That's a good point, 452!
I'm not shooting poorly, I'm just too far away


----------



## Ace (Oct 24, 2010)

Too bad you can't convince rabbits of that


----------



## slingshotwannabe (Oct 17, 2011)

I come up to the target


----------



## Performance Catapults (Feb 3, 2010)

Sorry Gary, I just found this thread. Shows I don't have the time to surf as much.

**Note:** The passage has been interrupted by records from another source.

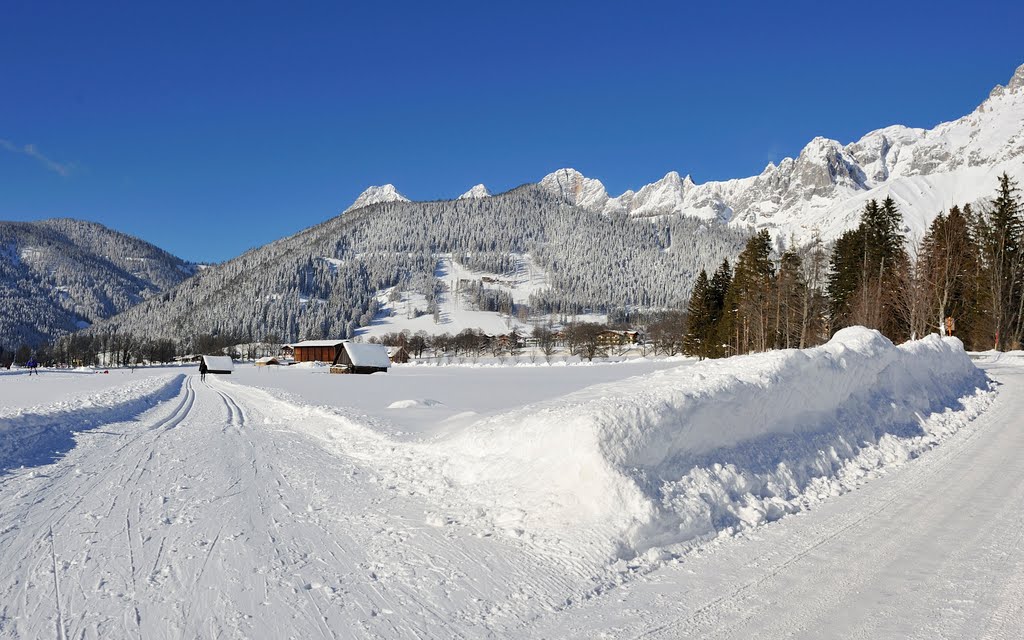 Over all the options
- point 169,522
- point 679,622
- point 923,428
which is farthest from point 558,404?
point 923,428

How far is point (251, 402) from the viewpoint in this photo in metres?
26.9

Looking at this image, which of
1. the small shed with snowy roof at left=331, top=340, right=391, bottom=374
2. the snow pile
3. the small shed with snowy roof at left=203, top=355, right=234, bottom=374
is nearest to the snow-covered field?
the snow pile

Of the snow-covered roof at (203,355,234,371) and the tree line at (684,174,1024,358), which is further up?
the tree line at (684,174,1024,358)

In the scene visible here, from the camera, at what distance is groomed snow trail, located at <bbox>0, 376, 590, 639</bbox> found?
4.43 meters

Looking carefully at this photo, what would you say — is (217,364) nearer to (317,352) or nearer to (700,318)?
(317,352)

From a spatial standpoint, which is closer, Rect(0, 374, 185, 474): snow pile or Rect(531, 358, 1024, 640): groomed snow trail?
Rect(531, 358, 1024, 640): groomed snow trail

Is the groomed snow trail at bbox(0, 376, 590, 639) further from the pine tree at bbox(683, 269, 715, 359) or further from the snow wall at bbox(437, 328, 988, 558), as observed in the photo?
the pine tree at bbox(683, 269, 715, 359)

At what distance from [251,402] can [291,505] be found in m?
21.6

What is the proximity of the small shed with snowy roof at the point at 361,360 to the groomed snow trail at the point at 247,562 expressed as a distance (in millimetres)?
64531

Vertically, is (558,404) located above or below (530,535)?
above

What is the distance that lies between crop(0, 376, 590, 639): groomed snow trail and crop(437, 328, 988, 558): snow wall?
3.08 ft

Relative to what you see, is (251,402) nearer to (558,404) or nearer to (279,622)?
(558,404)

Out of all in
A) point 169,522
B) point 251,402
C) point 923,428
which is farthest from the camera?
point 251,402

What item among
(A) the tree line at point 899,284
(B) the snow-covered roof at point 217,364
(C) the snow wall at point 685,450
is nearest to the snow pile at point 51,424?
(C) the snow wall at point 685,450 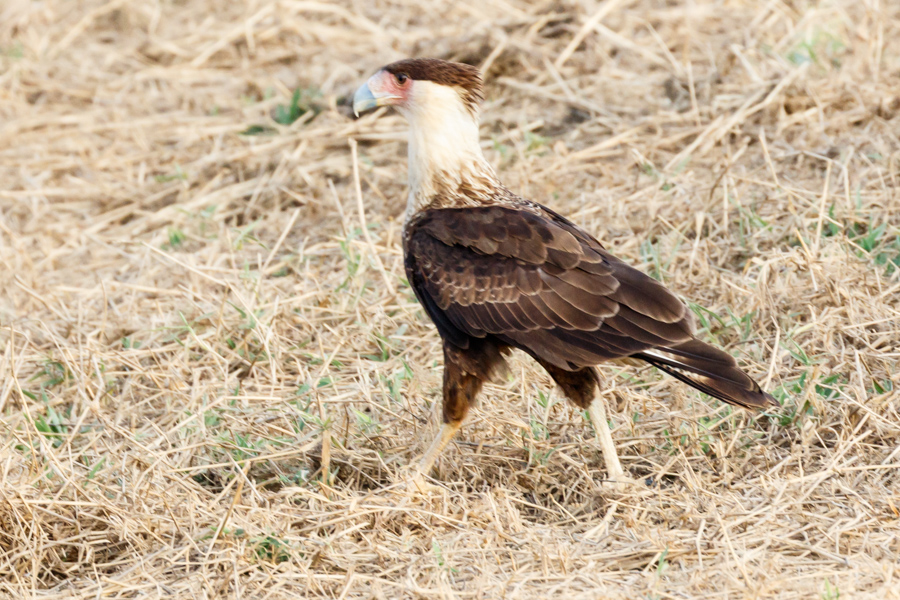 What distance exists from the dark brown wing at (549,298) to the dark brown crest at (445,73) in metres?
0.54

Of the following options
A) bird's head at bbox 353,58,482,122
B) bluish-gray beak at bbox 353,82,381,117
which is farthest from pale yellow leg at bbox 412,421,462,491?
bluish-gray beak at bbox 353,82,381,117

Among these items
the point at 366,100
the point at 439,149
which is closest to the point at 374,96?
the point at 366,100

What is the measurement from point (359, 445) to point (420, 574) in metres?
0.97

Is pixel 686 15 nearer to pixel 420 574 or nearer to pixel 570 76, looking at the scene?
pixel 570 76

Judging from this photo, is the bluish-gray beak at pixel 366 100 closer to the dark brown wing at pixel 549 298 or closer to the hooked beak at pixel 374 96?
the hooked beak at pixel 374 96

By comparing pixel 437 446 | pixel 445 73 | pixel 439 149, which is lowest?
pixel 437 446

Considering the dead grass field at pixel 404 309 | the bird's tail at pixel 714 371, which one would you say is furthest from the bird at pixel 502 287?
the dead grass field at pixel 404 309

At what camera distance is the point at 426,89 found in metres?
4.18

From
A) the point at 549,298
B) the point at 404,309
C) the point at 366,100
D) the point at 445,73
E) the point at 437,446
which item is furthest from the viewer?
the point at 404,309

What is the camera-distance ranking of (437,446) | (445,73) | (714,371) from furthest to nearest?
1. (445,73)
2. (437,446)
3. (714,371)

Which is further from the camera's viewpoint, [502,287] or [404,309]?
[404,309]

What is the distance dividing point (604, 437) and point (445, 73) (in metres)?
1.58

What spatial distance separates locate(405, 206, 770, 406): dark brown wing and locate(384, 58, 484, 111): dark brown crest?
536mm

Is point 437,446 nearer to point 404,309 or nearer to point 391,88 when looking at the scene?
point 404,309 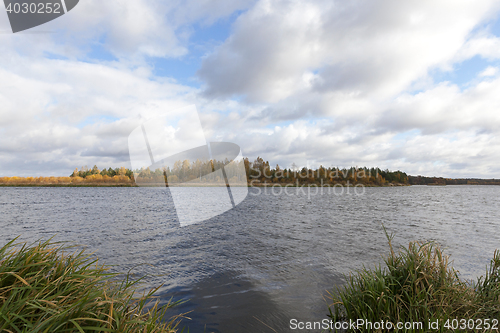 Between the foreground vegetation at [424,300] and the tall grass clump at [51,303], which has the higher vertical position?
the tall grass clump at [51,303]

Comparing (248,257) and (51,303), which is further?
(248,257)

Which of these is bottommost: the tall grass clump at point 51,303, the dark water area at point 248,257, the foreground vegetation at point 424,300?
the dark water area at point 248,257

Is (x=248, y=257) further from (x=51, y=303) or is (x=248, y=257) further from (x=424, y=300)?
(x=51, y=303)

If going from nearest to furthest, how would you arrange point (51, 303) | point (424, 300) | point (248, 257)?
point (51, 303) → point (424, 300) → point (248, 257)

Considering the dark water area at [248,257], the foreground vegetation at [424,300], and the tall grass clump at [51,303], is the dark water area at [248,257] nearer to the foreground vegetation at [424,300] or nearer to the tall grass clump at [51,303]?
the foreground vegetation at [424,300]

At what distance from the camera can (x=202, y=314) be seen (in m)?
8.52

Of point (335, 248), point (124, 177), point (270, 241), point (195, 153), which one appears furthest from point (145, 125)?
point (124, 177)

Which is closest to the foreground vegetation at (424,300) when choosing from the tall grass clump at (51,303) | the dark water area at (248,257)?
the dark water area at (248,257)

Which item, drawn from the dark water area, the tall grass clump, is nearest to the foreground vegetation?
the dark water area

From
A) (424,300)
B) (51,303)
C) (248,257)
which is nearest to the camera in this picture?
(51,303)

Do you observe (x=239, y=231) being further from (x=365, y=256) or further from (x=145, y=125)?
(x=145, y=125)

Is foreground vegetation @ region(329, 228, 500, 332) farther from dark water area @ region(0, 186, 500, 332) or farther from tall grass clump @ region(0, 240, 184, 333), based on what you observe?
tall grass clump @ region(0, 240, 184, 333)

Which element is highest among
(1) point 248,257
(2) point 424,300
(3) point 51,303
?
(3) point 51,303

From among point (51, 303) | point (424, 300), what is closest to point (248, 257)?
point (424, 300) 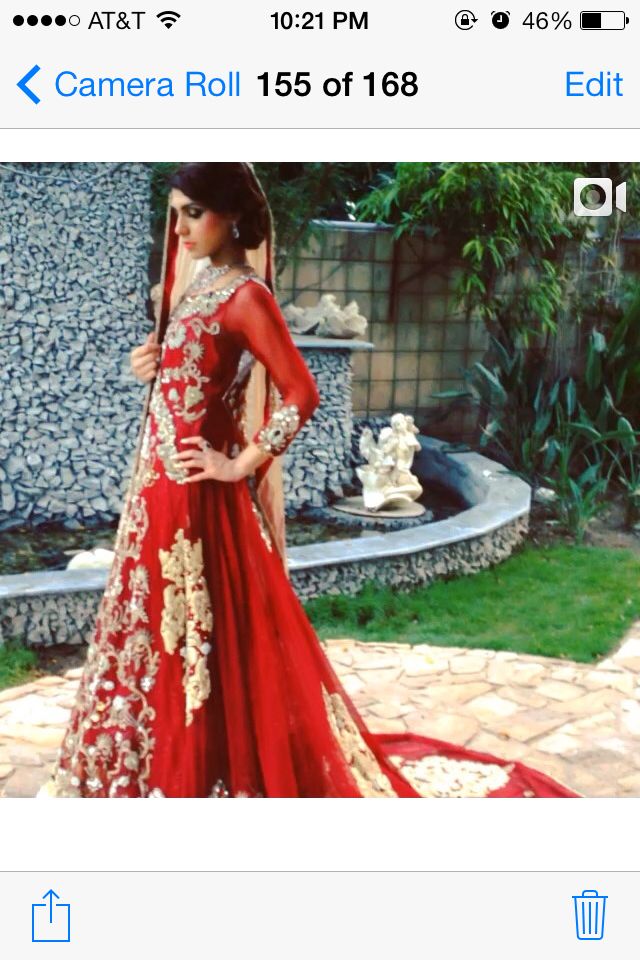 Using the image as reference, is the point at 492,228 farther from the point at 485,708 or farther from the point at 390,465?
the point at 485,708

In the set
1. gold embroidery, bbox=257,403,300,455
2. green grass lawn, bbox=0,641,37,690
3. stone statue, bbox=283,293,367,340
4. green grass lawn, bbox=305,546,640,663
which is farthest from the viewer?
stone statue, bbox=283,293,367,340

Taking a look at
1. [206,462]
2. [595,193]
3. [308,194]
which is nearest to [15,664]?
[206,462]

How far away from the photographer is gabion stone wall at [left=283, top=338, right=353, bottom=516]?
305 centimetres

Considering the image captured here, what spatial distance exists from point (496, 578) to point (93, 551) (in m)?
1.05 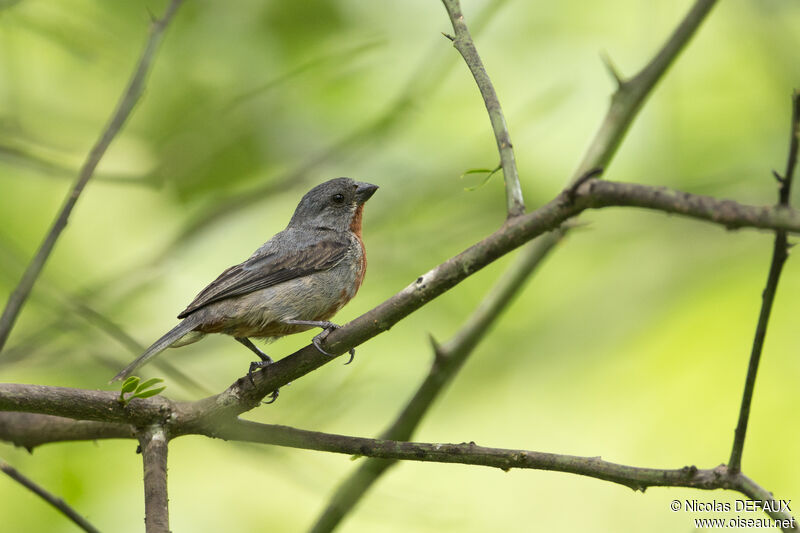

I come down at an angle. For me, its cross referencing the X and Y axis. Plus, it feels natural, and puts less strain on the shoulders IMO.


----------



## Flatband (Dec 18, 2009)

The way you shoot Bud, you could come in from left field and get locked in!














Flatband


----------



## hawk2009 (Dec 30, 2009)

Just seen this, I do it completely different I pull the bands straight out on to the target and roughly use them as a guide, I have a stance and get several points in place I don't have to think about them as it comes natural to me now. so focus 100% on the target I just focus on a very small area if it's a can I pick out a very small mark or colour on the can and let go.I often hit targets I cannot see as my eyesight is not as sharp as it used to be. I feel the only way to hit very small targets is to let the brain do it's job it's a very powerful tool.


----------



## NaturalFork (Jan 21, 2010)

I also always come in from the side. Not sure why .. I have shot a bow like that for ever. Whether it is the "correct" way to do it or not ... I cant break that habit now.


----------



## Flatband (Dec 18, 2009)

You and me Ray are the only ones I found that do it that way. Till you said something, I thought I was the only one Bud! Did you ever see other Archers using this style? Flatband


----------